--- BRIEF ---
Each line below from the "Hire RIB BSC BSC 78 Coti-Chiavari" line through the "Cosmopolitan screenshot" line, those two included, must be restated word for word; the pictures must not be.

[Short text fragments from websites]
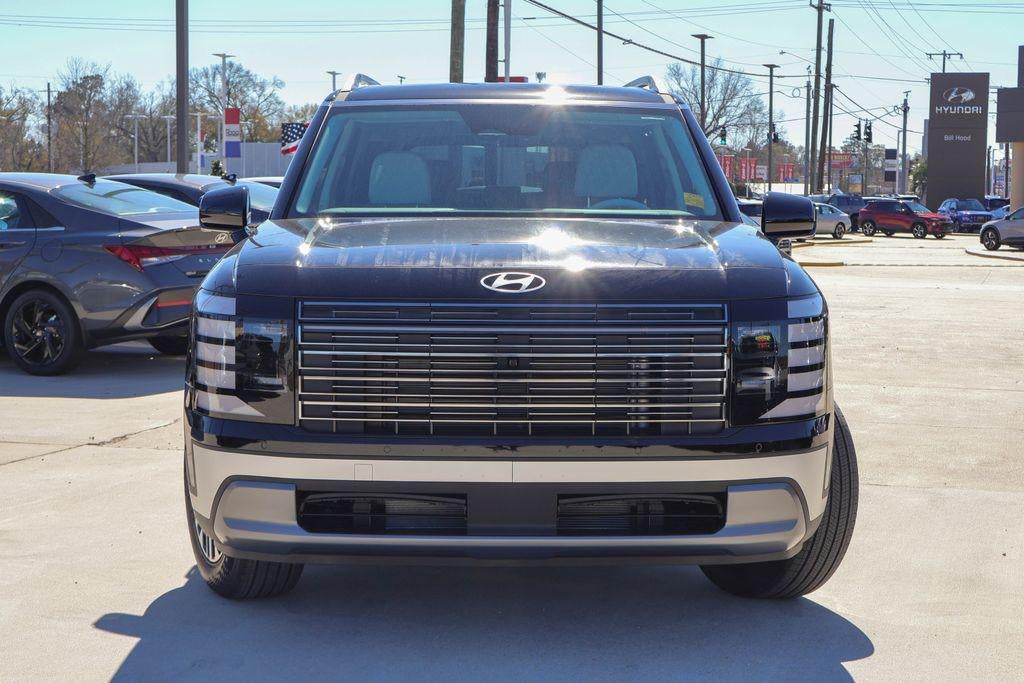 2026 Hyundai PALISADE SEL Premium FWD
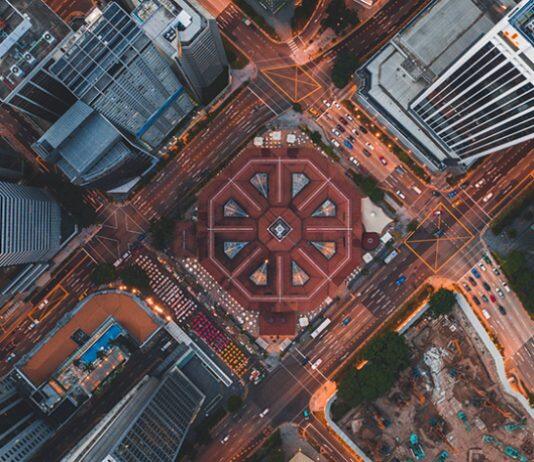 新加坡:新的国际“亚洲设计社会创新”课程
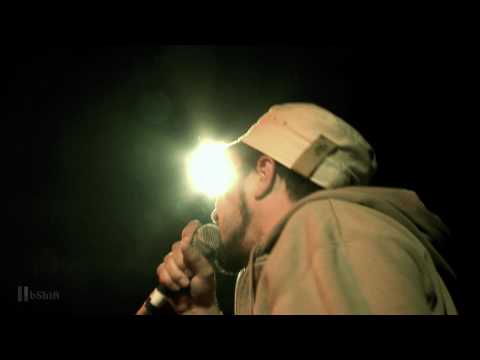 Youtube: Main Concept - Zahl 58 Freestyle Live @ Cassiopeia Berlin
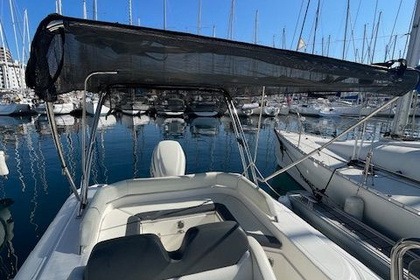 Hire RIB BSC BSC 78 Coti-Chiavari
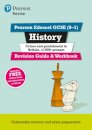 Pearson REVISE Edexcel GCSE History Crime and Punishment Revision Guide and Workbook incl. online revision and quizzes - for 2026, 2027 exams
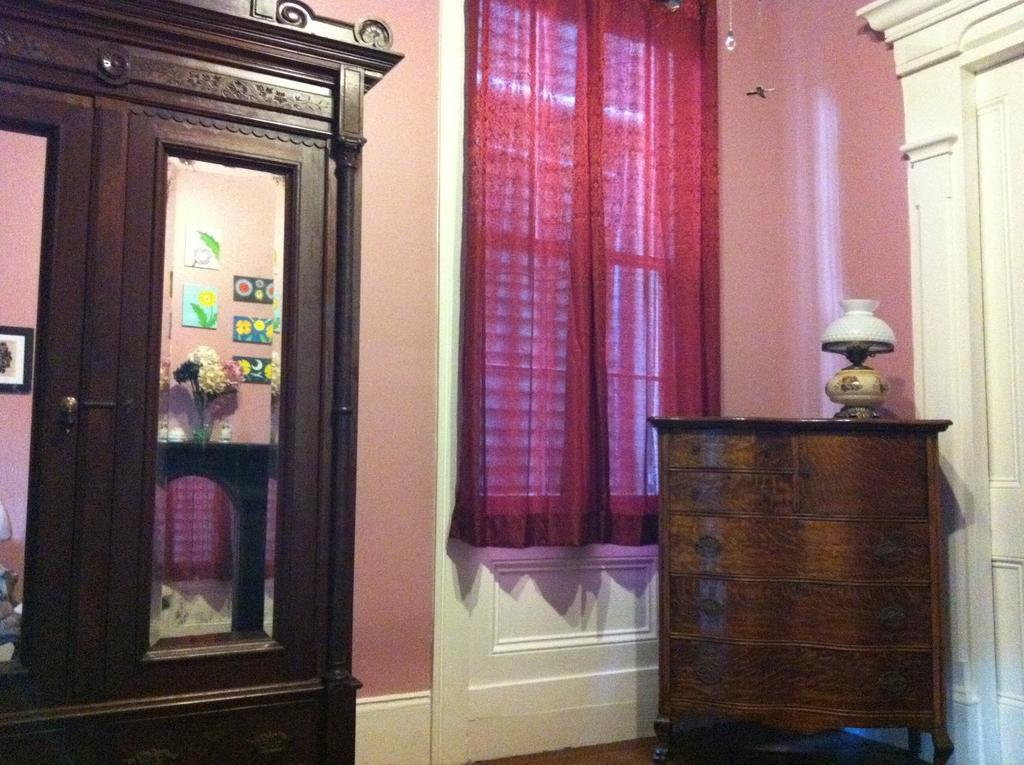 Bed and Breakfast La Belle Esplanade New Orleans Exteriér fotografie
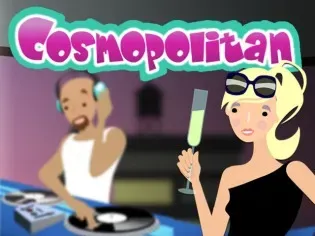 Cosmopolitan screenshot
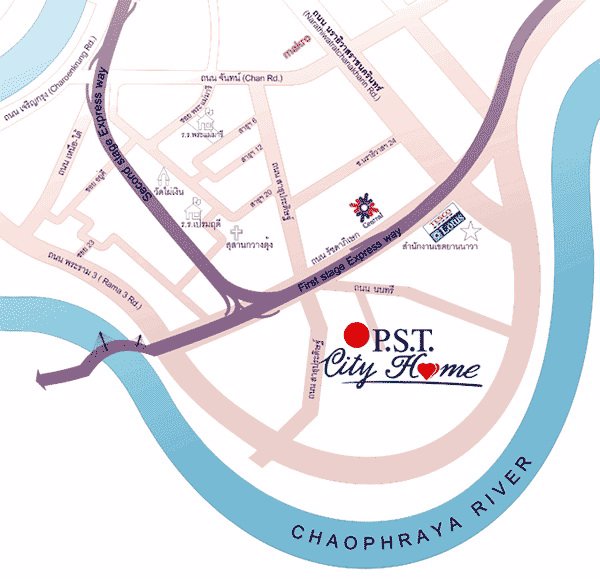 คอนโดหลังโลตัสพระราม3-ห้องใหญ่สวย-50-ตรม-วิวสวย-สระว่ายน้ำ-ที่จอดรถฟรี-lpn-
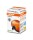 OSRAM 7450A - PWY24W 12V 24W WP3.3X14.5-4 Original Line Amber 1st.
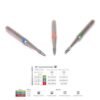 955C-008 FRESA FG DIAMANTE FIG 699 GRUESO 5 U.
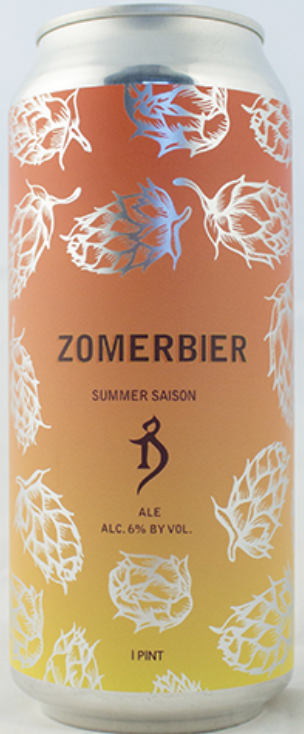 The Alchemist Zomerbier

--- EXERCISE RESPONSE ---
 Hire RIB BSC BSC 78 Coti-Chiavari
 Pearson REVISE Edexcel GCSE History Crime and Punishment Revision Guide and Workbook incl. online revision and quizzes - for 2026, 2027 exams
 Bed and Breakfast La Belle Esplanade New Orleans Exteriér fotografie
 Cosmopolitan screenshot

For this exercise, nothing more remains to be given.